Source: Friends of the Cumberland Trail
If you go
* What: Hiketoberfest
* When: Sunday, 9 a.m. to 6:30 p.m.
* Where: Shackleford Ridge Park on Signal Mountain
* Cost: A $10 donation is suggested
Source: Friends of the Cumberland Trail
This Sunday's 2012 Hiketoberfest on the Cumberland Plateau starting on Signal Mountain comes with a special announcement.
In addition to heritage and progressive plateau music, guided hikes and nature talks at Signal Mountain's Shackleford Ridge Park, state officials will be showing off a newly donated native plant nursery intended to restore native wildflowers, trees and shrubs along the 300-mile trail that is now Cumberland Trail State Park.
Park Superintendent Bob Fulcher said Friends of the Cumberland Trail will offer five shuttles to take Hiketoberfest participants from Shackleford Ridge Park near Signal Mountain High School to the nursery in the Lone Oak area.

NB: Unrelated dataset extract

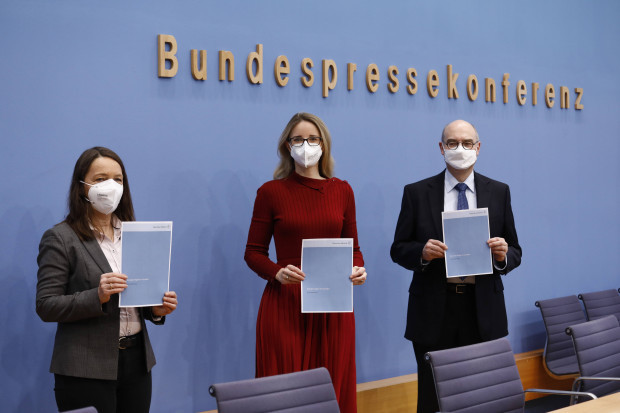 Deutscher Ethikrat: Keine „besonderen Regeln“ für Geimpfte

The shuttles run every 90 minutes beginning at 11 a.m.
Calling the nursery "a great addition" to the trail, Fulcher said the donor wishes to remain anonymous. A no-cost, three-year lease provides the property and three greenhouses, along with other infrastructure, to the Friends of the Cumberland Trail.
Sally Wencel, the lead nursery project developer and a Friends board member, said the hopes to make the lease permanent.
"This nursery provides us an ideal place for growing out seed we have collected for the past two years for the Seeding the Cumberlands program," she said.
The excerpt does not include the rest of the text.